Dejó el periodismo y se embarcó en la novela. Es ficción, pero basada en la realidad cruda. Habla sin tapujos y señala la necesidad de buscar en la sombra, de oler los olores, como le dijo alguna vez un guerrero en el frente de batalla islámico. Por ello, afirma, admira el valor, la dignidad e incluso la maldad de quien actúa desde parámetros culturales distintos. Admira a quien es leal y al valiente, y considera imperdonable a la deslealtad. En sus experiencias en el frente de batalla, “le quitaron a mordiscos las ingenuidades de los valores”, frase lapidaria para quienes pensamos en la validez de estos. Pese a ello, quienes los sostienen “van con calma hacia la eternidad”, en vez de hundirse en “la mediocridad, la chatura”.
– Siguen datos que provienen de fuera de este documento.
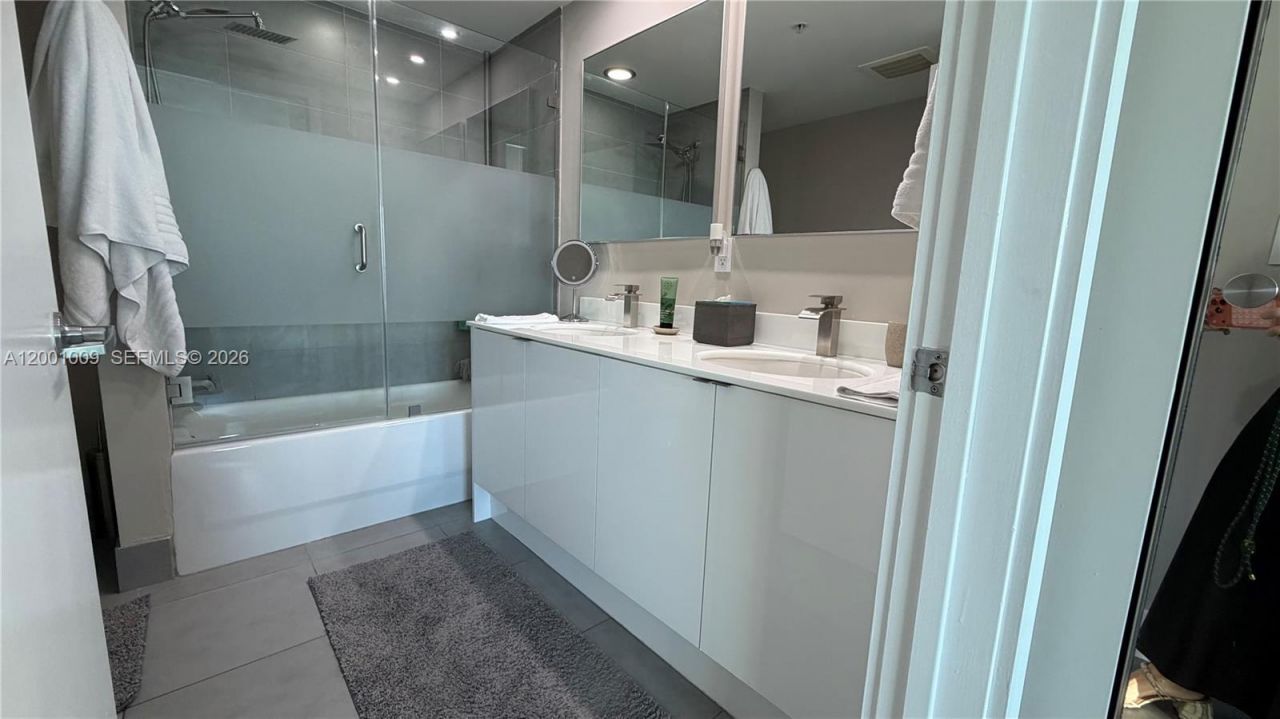 92 SW 3rd St, Unit 3607, Miami, FL 33130 Photo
En su conferencia, Pérez Reverte se refirió a la manera de vivir en los tiempos actuales. Los políticos, dice, representan a una mala generación, en la cual la educación (al menos en Europa), destruye la individualidad cuya meta es hacerlo todo fácil, simple, y convierte a la inteligencia en algo incómodo. Se olvida el horror, el temor, de la vida, y ello es el resultado de “habernos olvidado de nuestros abuelos” y con ello surge gente marginal, pero necesitada de códigos propios para sobrevivir. A mi juicio, es una forma de referirse a los mareros, quienes necesitan sobrevivir pero al mismo tiempo ven a la muerte como lo más natural, a causa de su ritmo de vida, tan distinto al de la realidad europea pero al mismo tiempo igual de horroroso.
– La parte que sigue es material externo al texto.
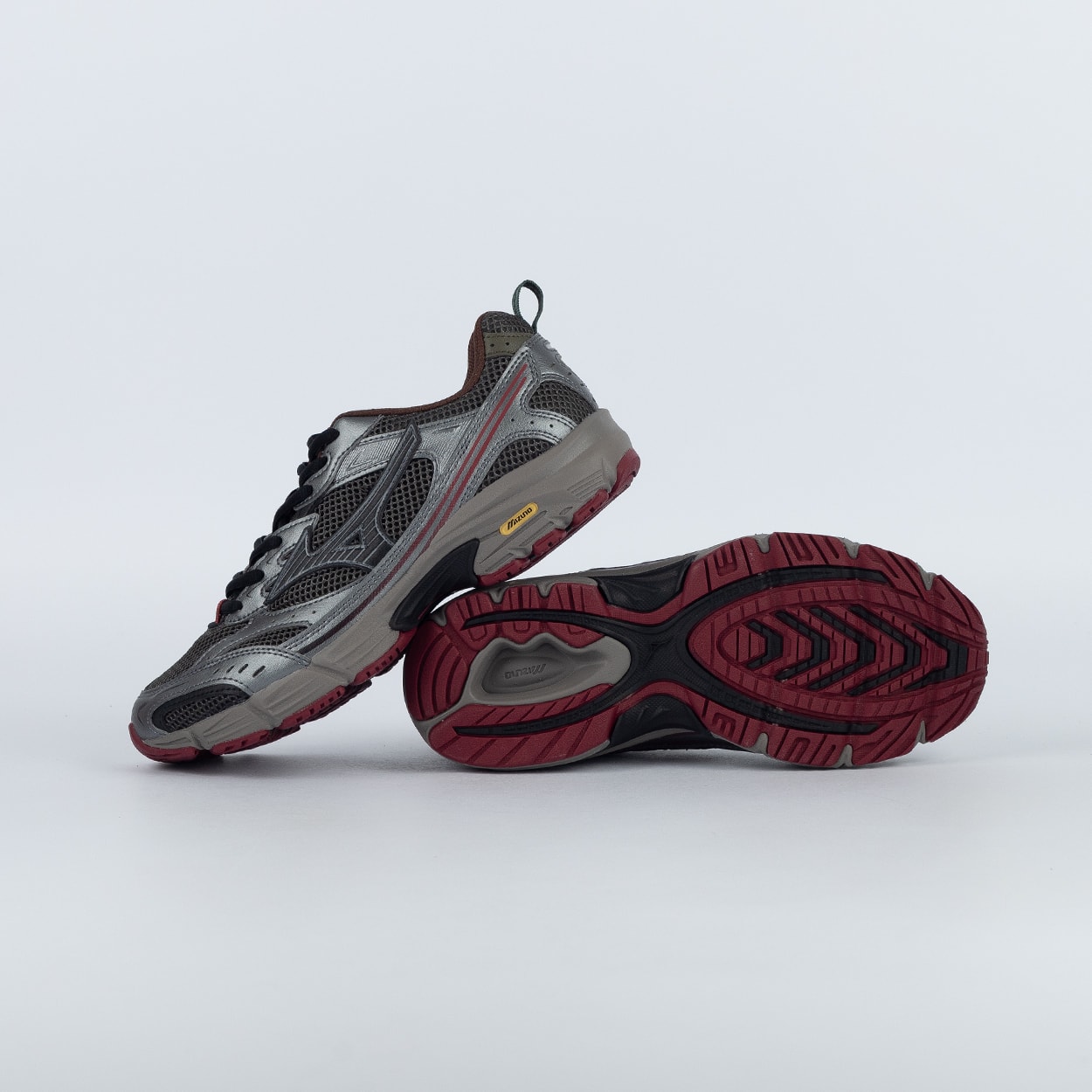 Tênis Mizuno MZR LS Original Preto Prata Bordo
Dos frases me impactaron: huir de la realidad, “sólo vale para morir cansado”. Me pregunto si los guatemaltecos, como grupo, no vivimos ahora las consecuencias de habernos olvidado de los abuelos, y de temer morir cansados. Porque la realidad cansa, agota, desmotiva. Y en esto la actitud de los políticos y de otros grupos sociales tiene una importancia y una responsabilidad fundamentales. Los acontecimientos en toda América Latina pueden ser mejor comprendidos si se agrega este factor. Y un escritor, periodista-filósofo como Pérez Reverte puede ayudar a la comprensión generalizada de cuáles deben ser los cambios en la vida del siglo XXI para evitar el derrumbe de la democracia y al mismo tiempo la destrucción del planeta en un tiempo muy corto.
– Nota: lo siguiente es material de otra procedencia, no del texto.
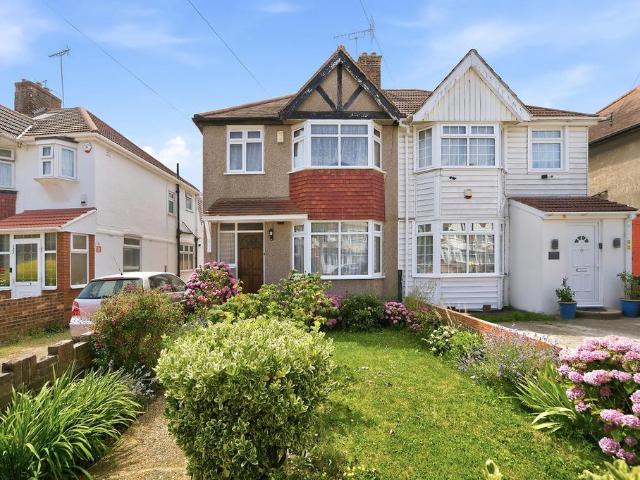 House for sale in London Borough of Ealing, Greenford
Las afirmaciones de Pérez Reverte destacan porque se pueden aplicar a la realidad de todos los países, claro está, con matices diferentes y especialmente en las diversas divisiones sociales de aquellos donde las desigualdades son enormes y donde resulta muy molesto para muchos cuando se habla de lealtad, o de respeto a quien piensa distinto. No lo dijo, pero yo lo imagino buscando soluciones a la realidad del mundo actual, talvez lo hace por la vía de las novelas, cuya trama básica la dicta la vida, y las complementarias las imagina el escritor. La forma de escribir, su manera directa, lo delata como periodista, profesión cuya meta es hoy explicar lo inexplicable y permitir comprender lo incomprensible.